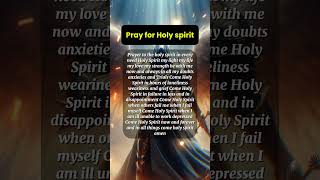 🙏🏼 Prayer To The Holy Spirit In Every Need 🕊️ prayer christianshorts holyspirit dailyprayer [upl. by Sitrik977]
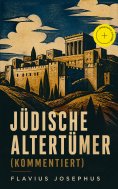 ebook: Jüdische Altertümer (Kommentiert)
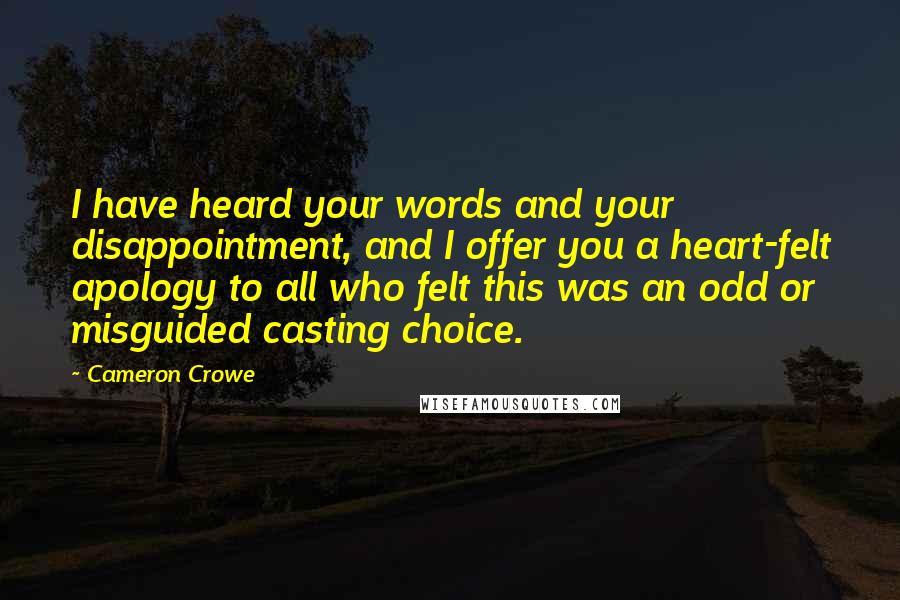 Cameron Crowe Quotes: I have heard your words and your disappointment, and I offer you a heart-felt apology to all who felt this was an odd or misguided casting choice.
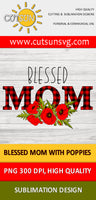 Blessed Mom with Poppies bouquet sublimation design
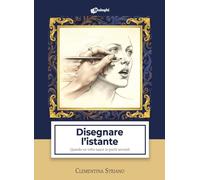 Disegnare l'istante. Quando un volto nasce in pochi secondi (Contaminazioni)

━━━━━━━━━━

● **Required action**
We ask that the entries above be copied exactly, with the pictures omitted.

● **The answer**
 🙏🏼 Prayer To The Holy Spirit In Every Need 🕊️ prayer christianshorts holyspirit dailyprayer [upl. by Sitrik977]
 ebook: Jüdische Altertümer (Kommentiert)
 Cameron Crowe Quotes: I have heard your words and your disappointment, and I offer you a heart-felt apology to all who felt this was an odd or misguided casting choice.
 Blessed Mom with Poppies bouquet sublimation design
 Disegnare l'istante. Quando un volto nasce in pochi secondi (Contaminazioni)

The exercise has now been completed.